So what’s a nice guy like him doing with a bad-boy résumé like his? Blame that face. “The Cro-Magnon” look, he calls it — wide forehead, frostbit eyes, a chin so square it must make mathematicians swoon. Even before he was cast as Peter Quinn, the C.I.A. assassin he played for five seasons on “Homeland,” people would assume he’d come to kill them.
“It stopped them picking fights,” he said.

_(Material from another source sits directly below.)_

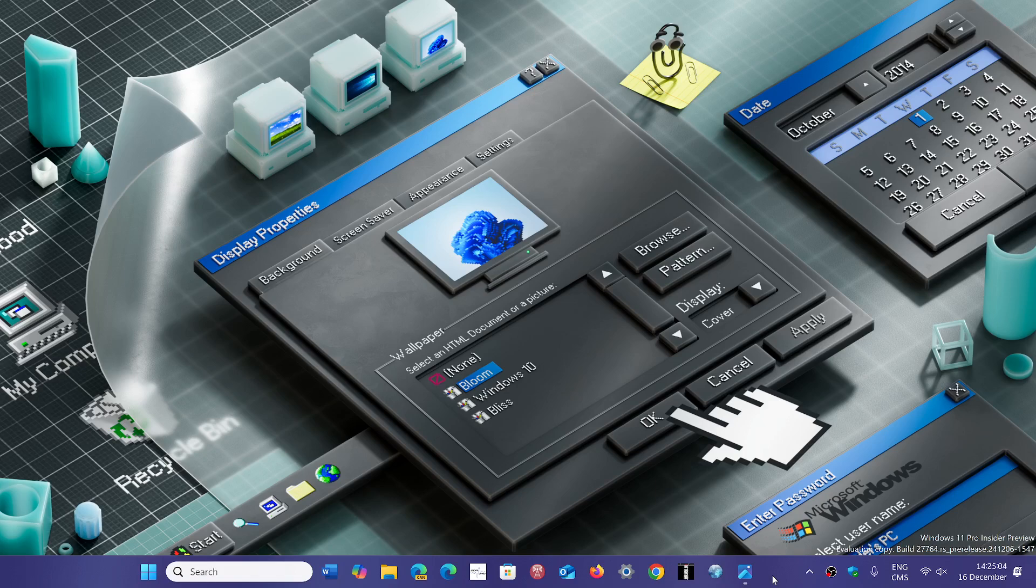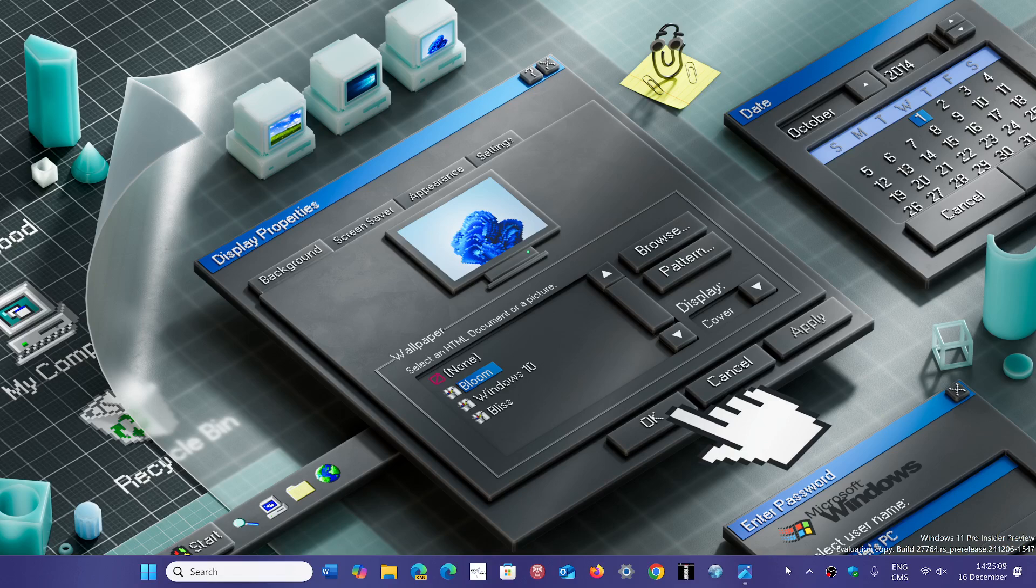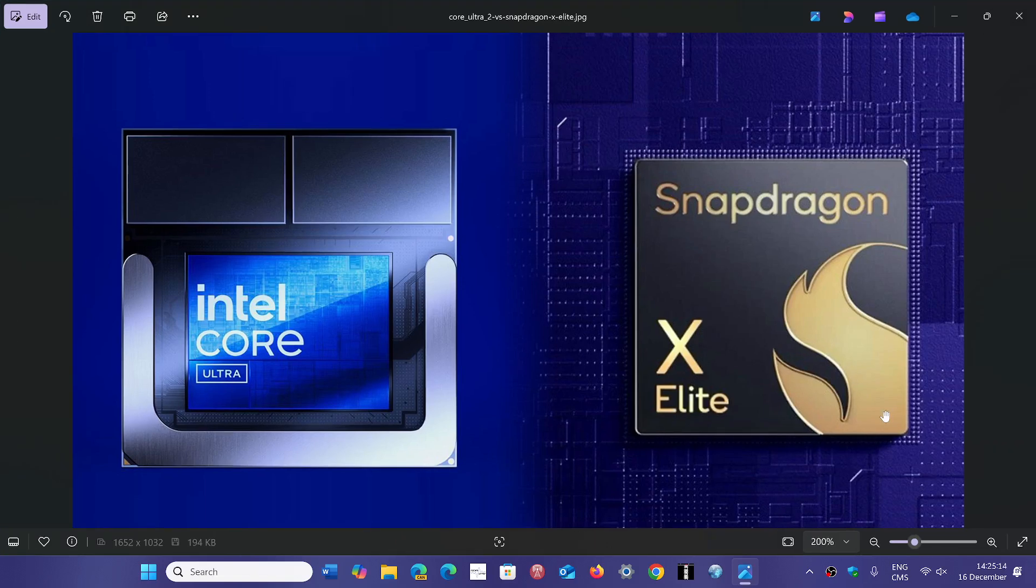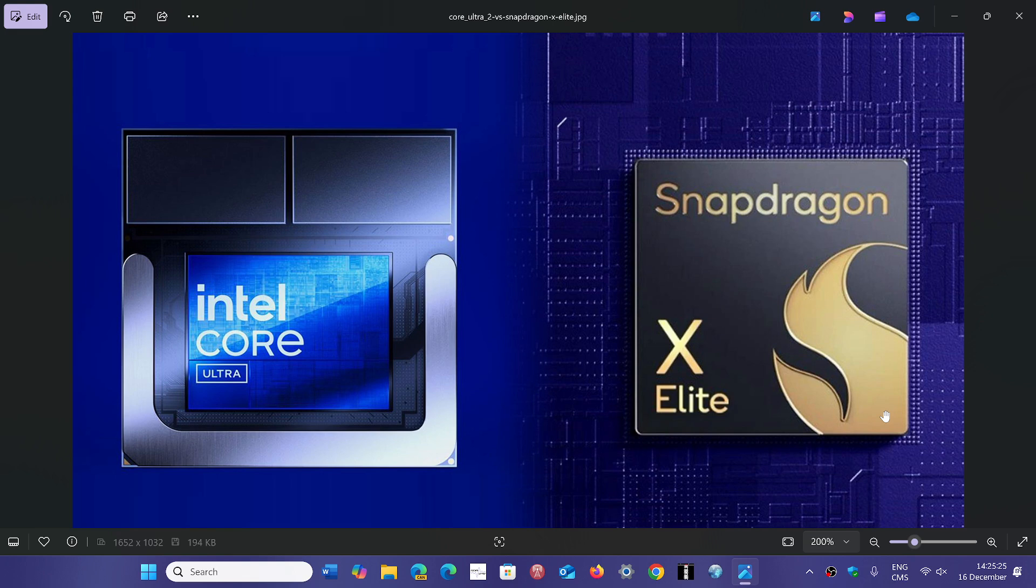The problem is we don't have that many details. Intel claims that the Copilot Plus PCs running on the Snapdragon X Elite ARM processors are being returned at a high rate compared to PCs sold with x64 chips, which means Intel or AMD chips.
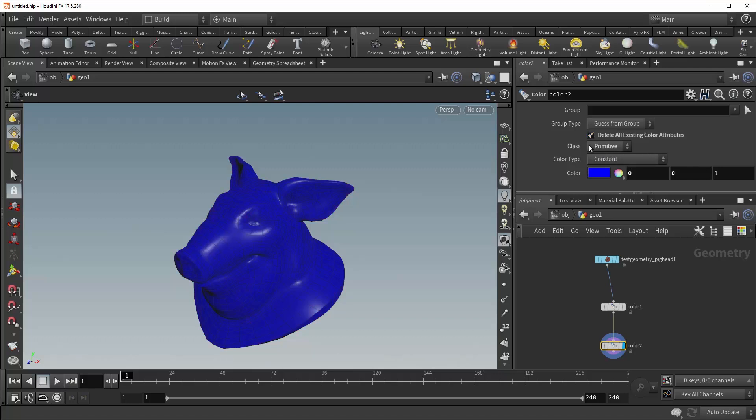Beneath that is the class, and that simply tells Houdini which class of geometry you want to apply the attribute to. You can choose between detail, primitive, point, or vertex.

That face was a brilliant fit for Quinn, introduced in Season 2 as a coldhearted operative with a soft spot for Carrie Mathison, the show’s lead, played by Claire Danes. Alex Gansa, the showrunner for “Homeland,” said that he had cast Mr. Friend, then a relative unknown, because “he had these leading man looks and yet there were deep currents running underneath.”
Quinn was meant to die in Season 5, a victim of sarin gas poisoning. But when he learned that his character would perish, Mr. Friend insisted on drafting the not-quite-a-love-letter that Quinn leaves Carrie from his deathbed: “Just think of me as a light on the headlands, a beacon, steering you clear of the rocks.”
“It was so beautifully composed and wonderful,” Mr. Gansa said, that the producers brought Quinn back for Season 6. “In a way he saved himself.”
The Quinn who returned was a damaged man, weakened by a stroke, tormented by his shortcomings. Fans were drawn to Mr. Friend’s mix of reserve and vulnerability, his portrait of a man soldiering on despite serious PTSD.
When Quinn finally met his end, taking a hail of bullets to protect the president-elect, some fans were so incensed that they bought a full-page ad in The Hollywood Reporter, shaming the producers for, among other things, Quinn’s incapacity “for loving and being loved.”